SIMD on Windows

Sat Jun 29 11:32:52 PDT 2013

On Saturday, 29 June 2013 at 17:57:20 UTC, Jonathan Dunlap wrote:
> I've updated the project with your suggestions at 
> http://dpaste.dzfl.pl/fce2d93b but still get the same 
> performance. Vectors defined in the benchmark function body, no 
> function calling overhead, etc.

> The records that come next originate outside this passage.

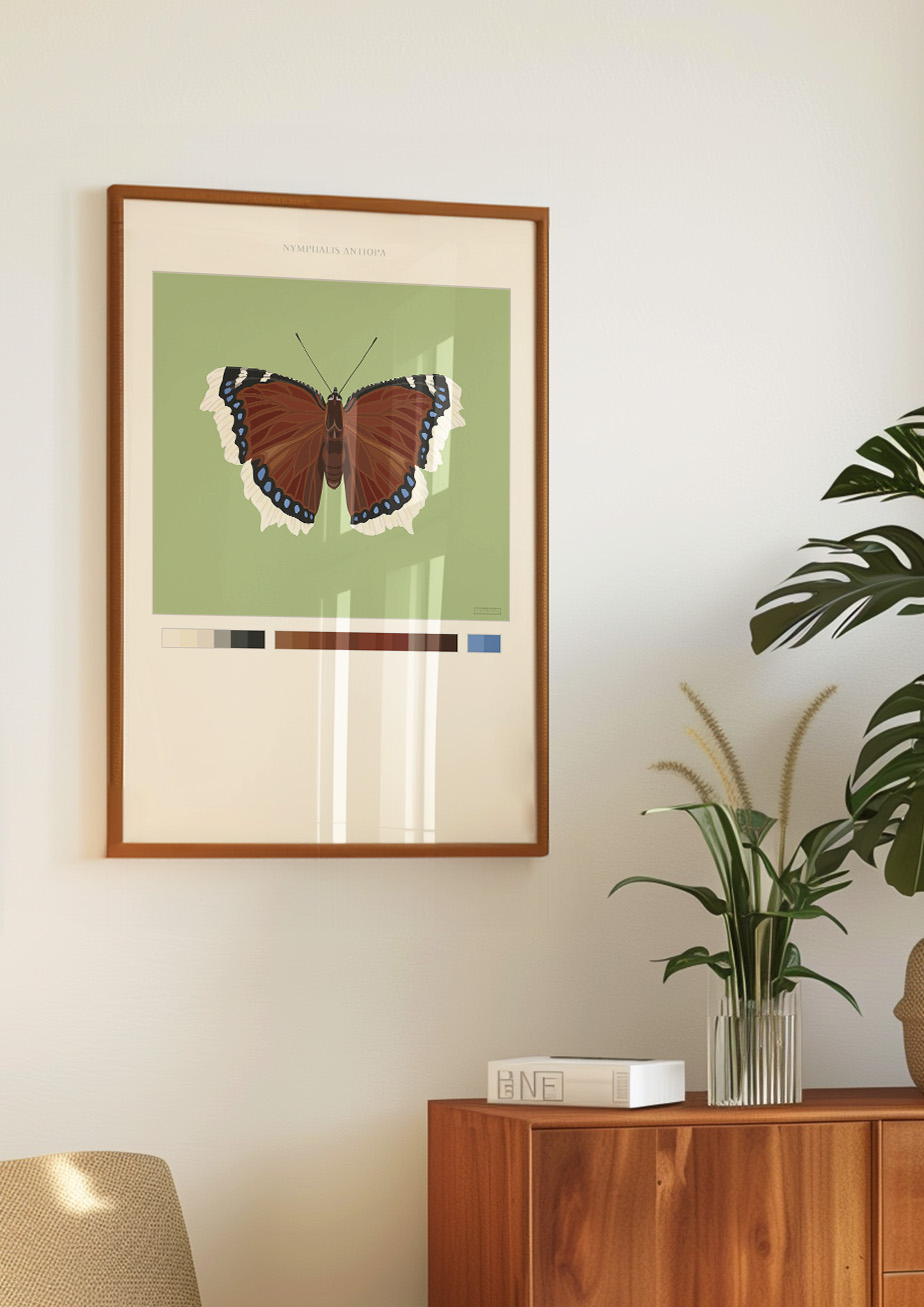Mourning Cloak Butterfly Green Poster Thumbnail
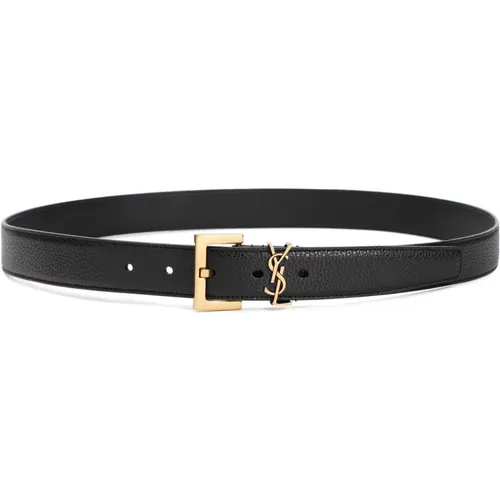 Belts, male, , Size: 100 CM Leather Belt - Saint Laurent - Modalova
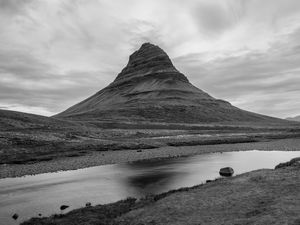 Preview wallpaper mountain, hill, river, nature, black and white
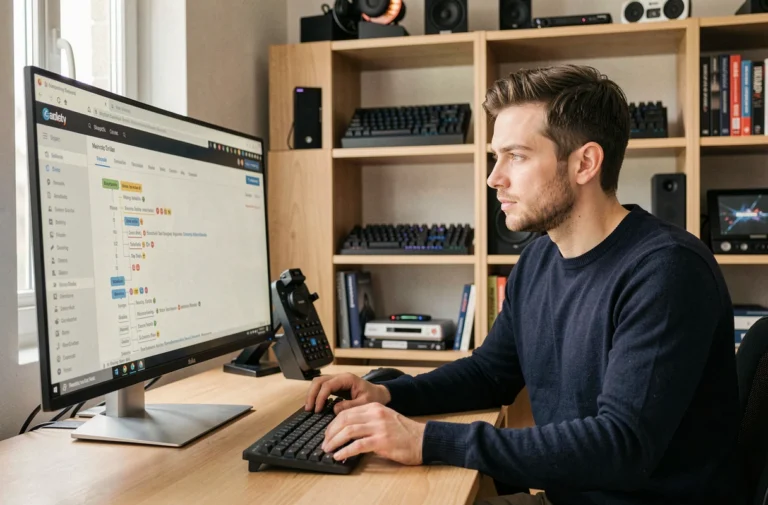 Homme explorant le plan du site d'un blog high-tech sur un grand écran ultrawide dans un bureau moderne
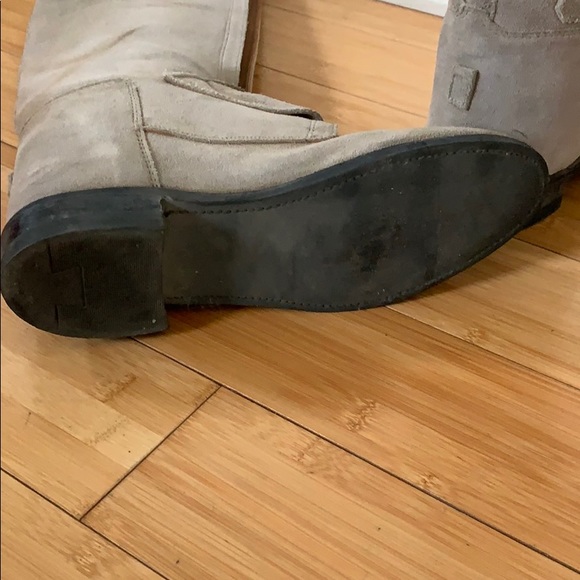 Grey Suede Riding Boots - Picture 4 of 8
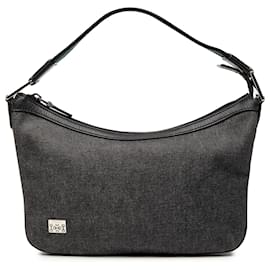 Borsa a Spalla in Denim Nero Gucci con Web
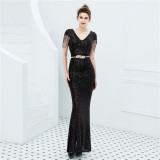 Plus Size Women Sequined Formal Party Maxi Evening Dress
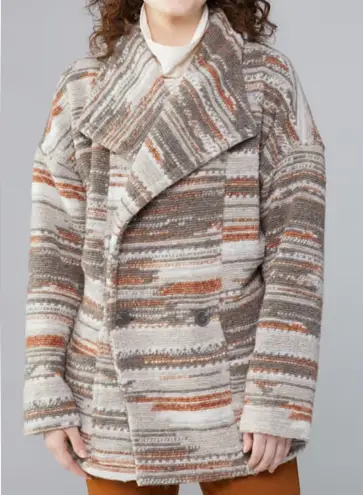 prAna Arria Wool Blend Marble Chunky Knit Collared Jacket Size Small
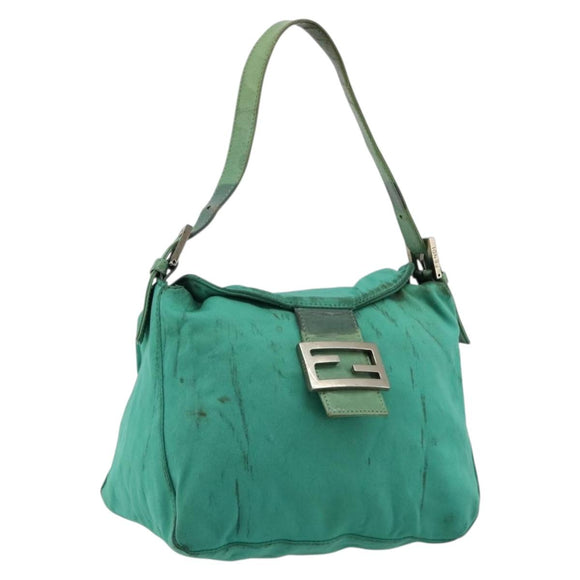 FENDI Mamma Baguette Schoudertas Nylon Turkoois Blauw Zilver Authentiek 165293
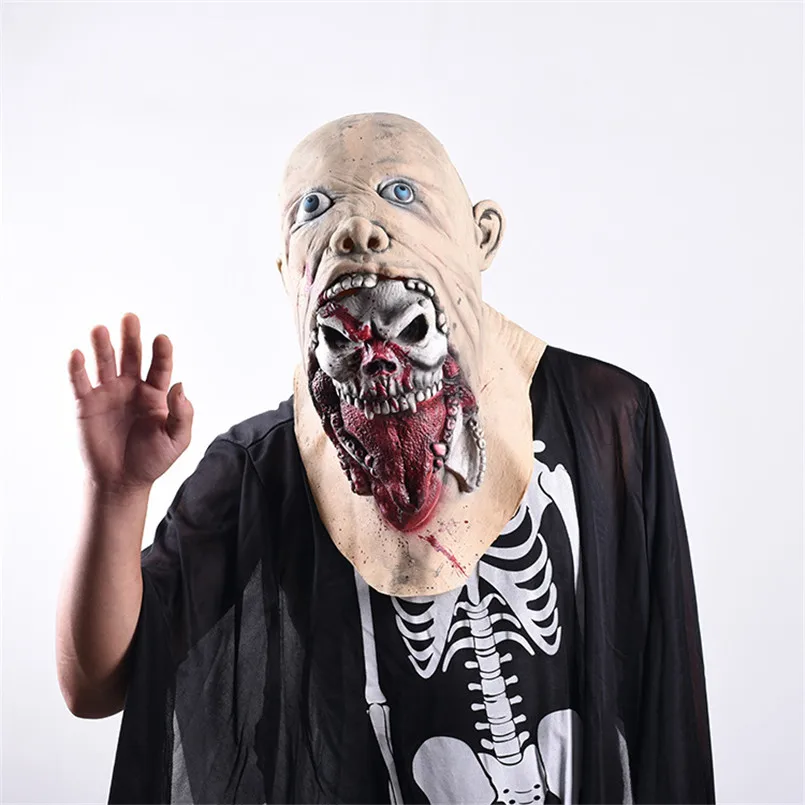 

Latex Bloody Mask Halloween Decoration Horror Skull Headgear Creepy Decor Props Head Wear Bald Masks Mascaras De Latex Realista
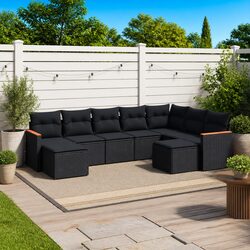 Outdoor Garden Sofa Set 9 Piece with Cushions Black Poly Rattan Patio Furniture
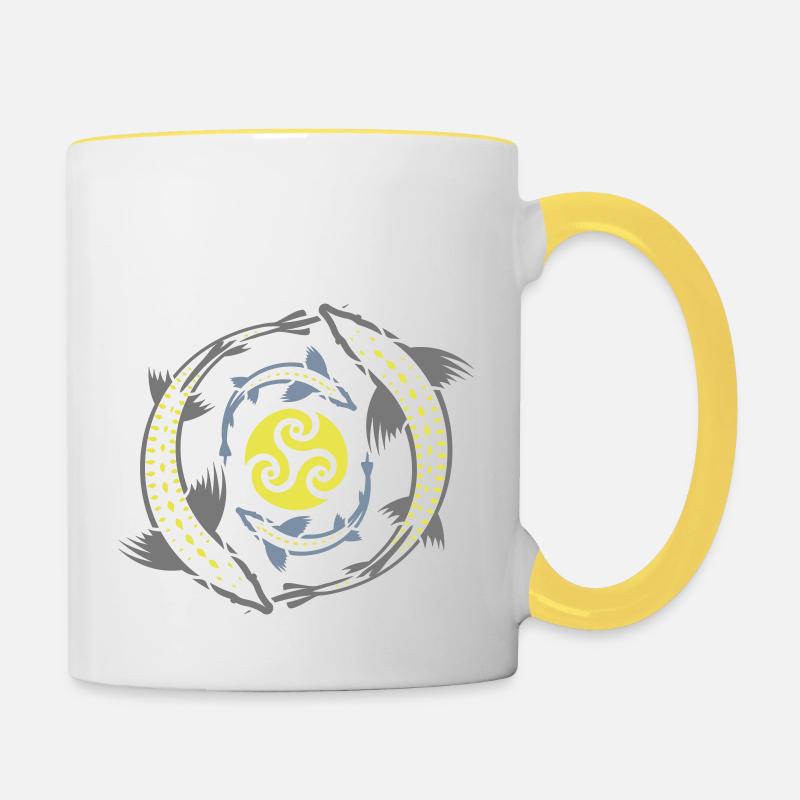 Tribal Fish - Contrasting Mug - white/yellow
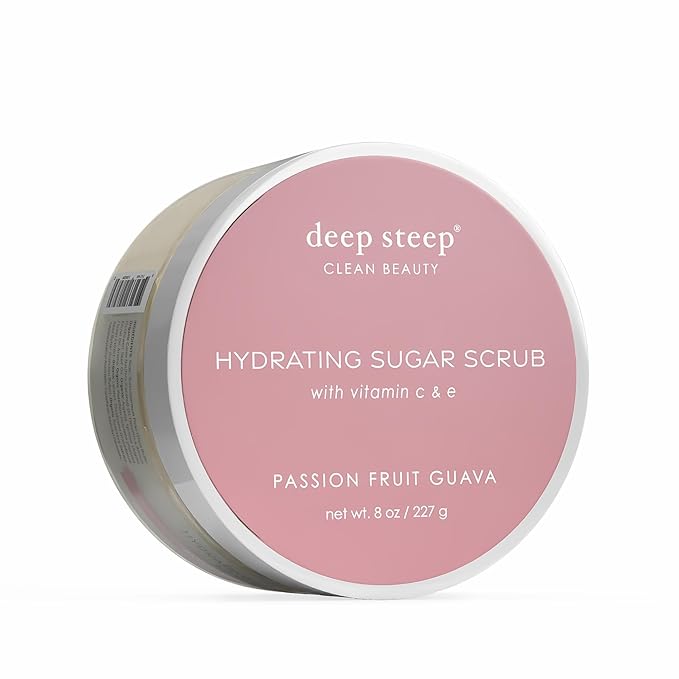 Deep Steep Sugar Scrub, Passion Fruit Guava, 8 oz – Exfoliating Body Scrub with Organic Coconut Oil, Shea Butter & Argan Oil – Vegan, Clean Beauty, Smooth, Soft & Nourished Skin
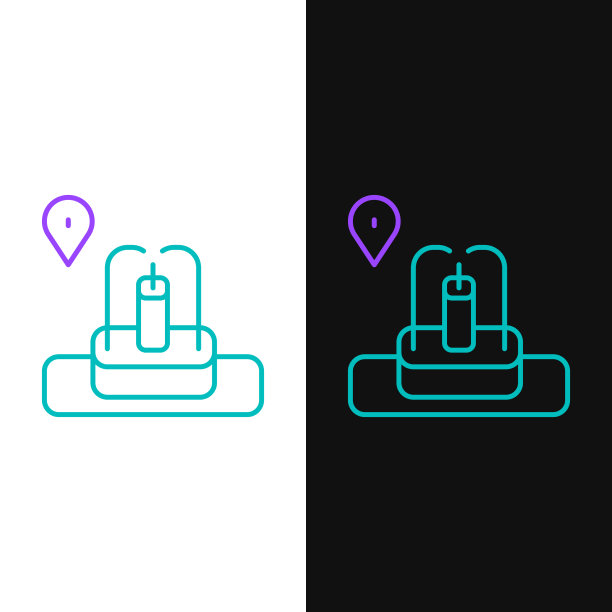 线位置与喷泉图标隔离在白色图片下载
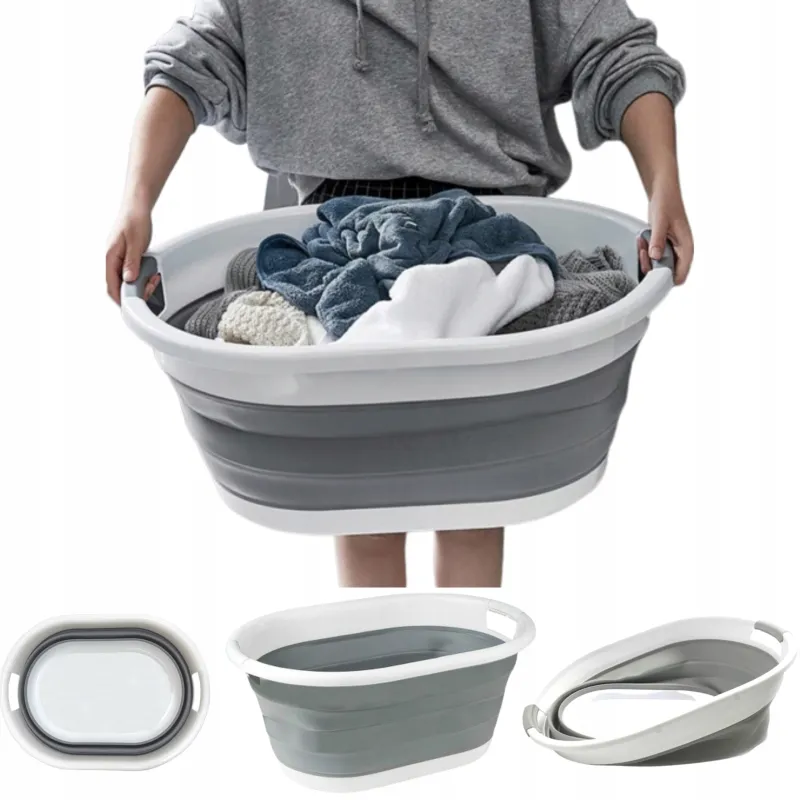 Panier à linge en silicone LONNA 24 L / Blanc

See some of my comments below 
> btw:
>
>> First of all, calcSIMD and calcScalar are virtual functions so 
>> they can't be inlined, which prevents any further optimization.
>
> For the dlang docs: Member functions which are private or 
> package are never virtual, and hence cannot be overridden.
>
>> So my guess is that the first four multiplications and the 
>> second four multiplications in calcScalar are done in 
>> parallel. ... The reason it's faster is that gdc replaces 
>> multiplication by 2 with addition and omits multiplication by 
>> 1.
>
> I've changed the multiplies of 2 and 1 to 2.1 and 1.01 
> respectively. Still no performance difference between the two 
> for me.

The multiples 2 and 1 were the reason why the scalar code 
performs a little bit better than SIMD code when compiled with 
GDC. The main reason why scalar code isn't much slower than SIMD 
code is instruction level parallelism. Because the first four 
operation in calcScalar are independent (none of them depends on 
the result of any of the other three) modern x86-64 processors 
can execute them in parallel. Because of that, the speed of your 
program is limited by instruction latency and not throughput. 
That's why it doesn't really make a difference that the scalar 
version does four times as many operations.

You can also make advantage of instruction level parallelism when 
using SIMD. For example, I get about the same number of 
iterations per second for the following two functions (when using 
GDC):

         import gcc.attribute;

	@attribute("forceinline") void calcSIMD1() {

		s0 = s0 * i0;

		s0 = s0 * d0;

		s1 = s1 * i1;

		s1 = s1 * d1;

		s2 = s2 * i2;

		s2 = s2 * d2;

		s3 = s3 * i3;

		s3 = s3 * d3;

	}

	@attribute("forceinline") void calcSIMD2() {

		s0 = s0 * i0;

		s0 = s0 * d0;
	}

By the way, if performance is very important to you, you should 
try GDC (or LDC, but I don't think LDC is currently fully usable 
on Windows).